Kur’an’dan uzaklaşıp, aklımızı bir takım cemaat veya örgütlere kiraya vermeseydik bu hallere hiç düşmezdik. Müslümanlar, Kur’an’dan çözüm üretmek, uzun vadeli stratejiler belirlemek, sağduyulu hareket edip sağlıklı durum değerlendirmeleri yapmaktan aciz durumdalar.
Bir problemle karşılaştıklarında Müslümanların üretebildikleri çözümler şunlardan ibaret; vur, kır, parçala, slogan at, protesto et.
Bugün kendisine İslam toplumu denen bir bölgeyi karıştırmanız için oraya yüklü miktarda silah sevk etmeniz yeterli, onlar bir şekilde birbirlerini öldürürler. Bu silahlar bize nereden geldi, silahla durum daha mı iyi olur yoksa daha mı kötü olur gibi soruları sormaz Müslümanlar nasılsa.

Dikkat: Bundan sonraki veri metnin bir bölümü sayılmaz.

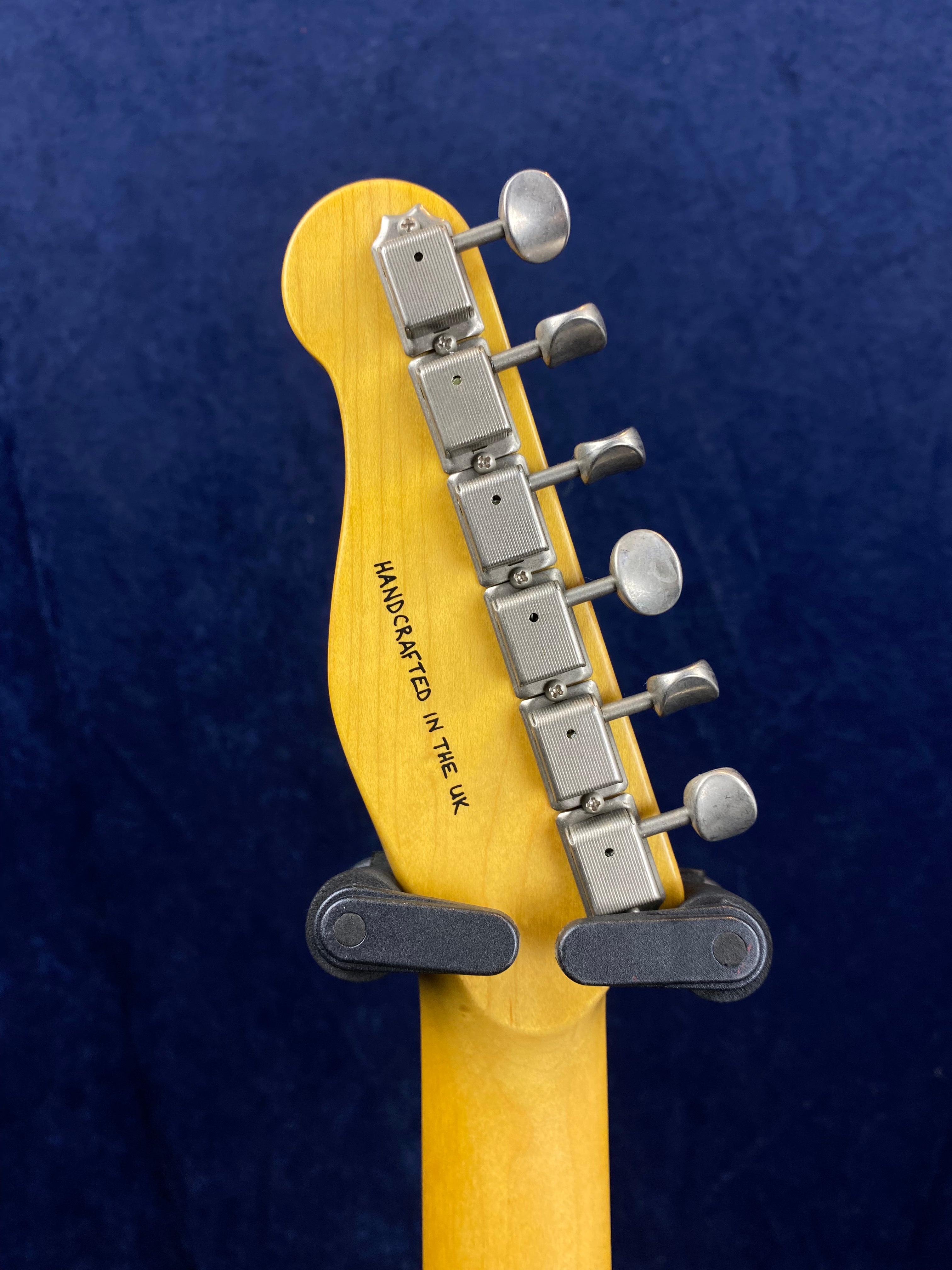Six vintage-style metal tuning pegs on a light wood electric guitar headstock, labeled "Handcrafted in the UK" against a dark blue background.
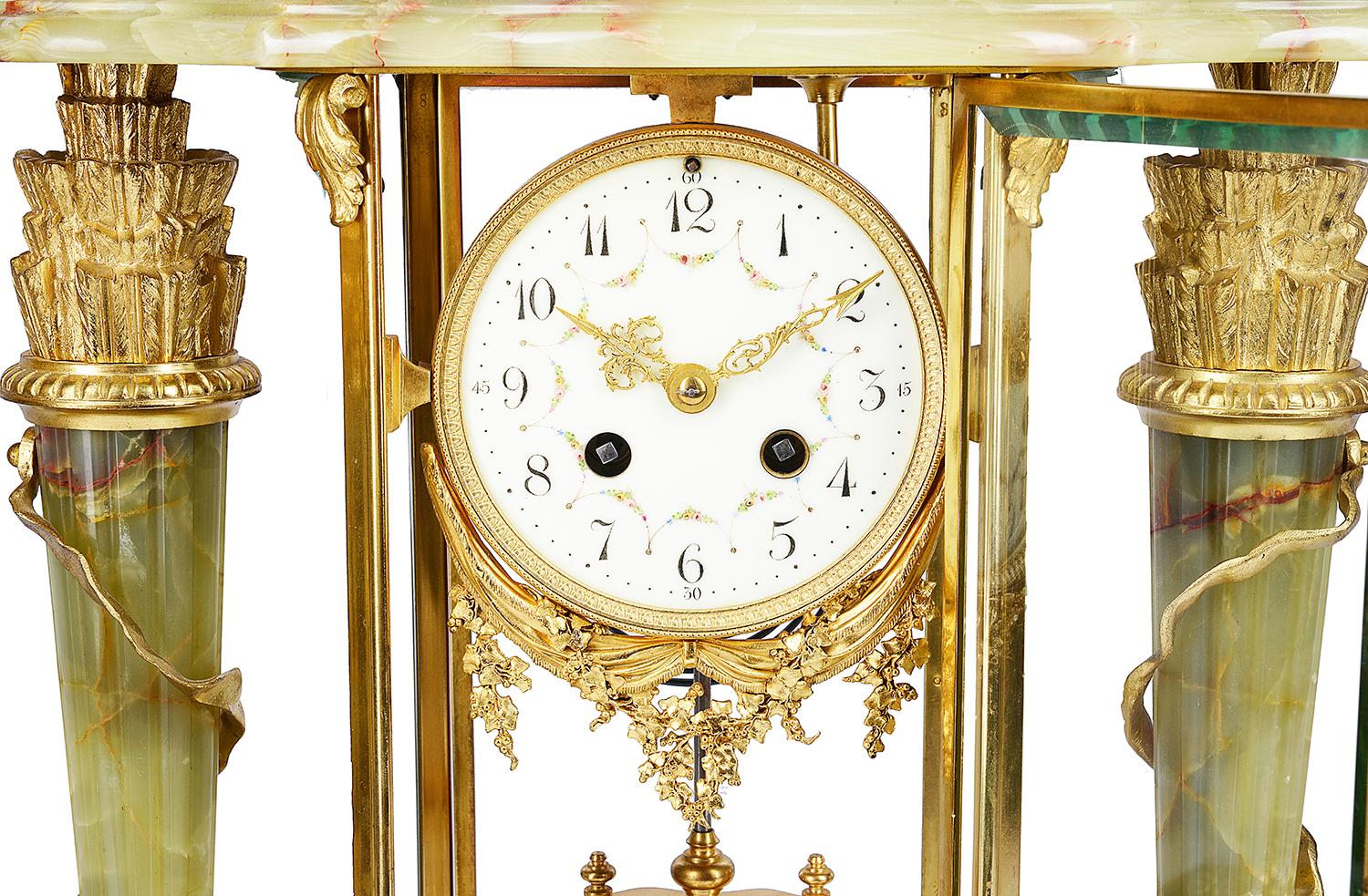 A good quality late 19th century French, onyx and gilded ormolu clock garniture. Having a pair of four branch candelabra on either side, each with arrow sheaths, the clock having an urn finial, a white enamel clock face, an eight day chiming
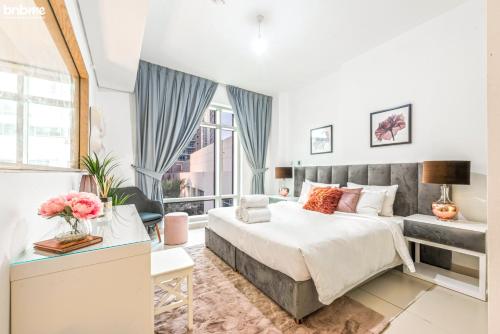 een slaapkamer met een bed en een groot raam bij bnbmehomes - Duplex Living walk to Burj K and Dubai Mall - L313 in Dubai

İsrail’e yönelik Müslümanların genel olarak “kendi ayağına sıkma” stratejisi dışında akıllıca bir hamlede bulunduğunu görmedim. Örneğin, 2003 yılının başlarında Yusuf el-Kardavi, Filistin sınırları içerisinde intihar saldırılarının caiz olduğunu açıkladı. İsrail’in tam da istediği şey buydu aslında. Böylece İsrail Müslümanlara hayatı Cehennem etme politikaları için meşru bir zemin kazandı.
Duvarlar örüldü, tehlikeli olduğu düşünülen bölgeler boşaltıldı, hatta yolda gördükleri her hangi bir Müslüman’ı, canlı bomba olma tehlikesi bahanesiyle, öldürebilir hale geldiler. Bu büyük avantajları onların eline kim verdi? “Kendi ayağına sıkma” derken demek istediğim bu.
Yıllarca bazı marka ürünleri boykot etmeyi bu millete İsrail’le mücadele diye yutturdular. Amaç insanları psikolojik açıdan rahatlatmak İsrail’le mücadele ediyormuş gibi hissettirmekti. (O meşhur boykot ürünleri tabloları içerisinde herhangi bir banka logosu gören oldu mu?)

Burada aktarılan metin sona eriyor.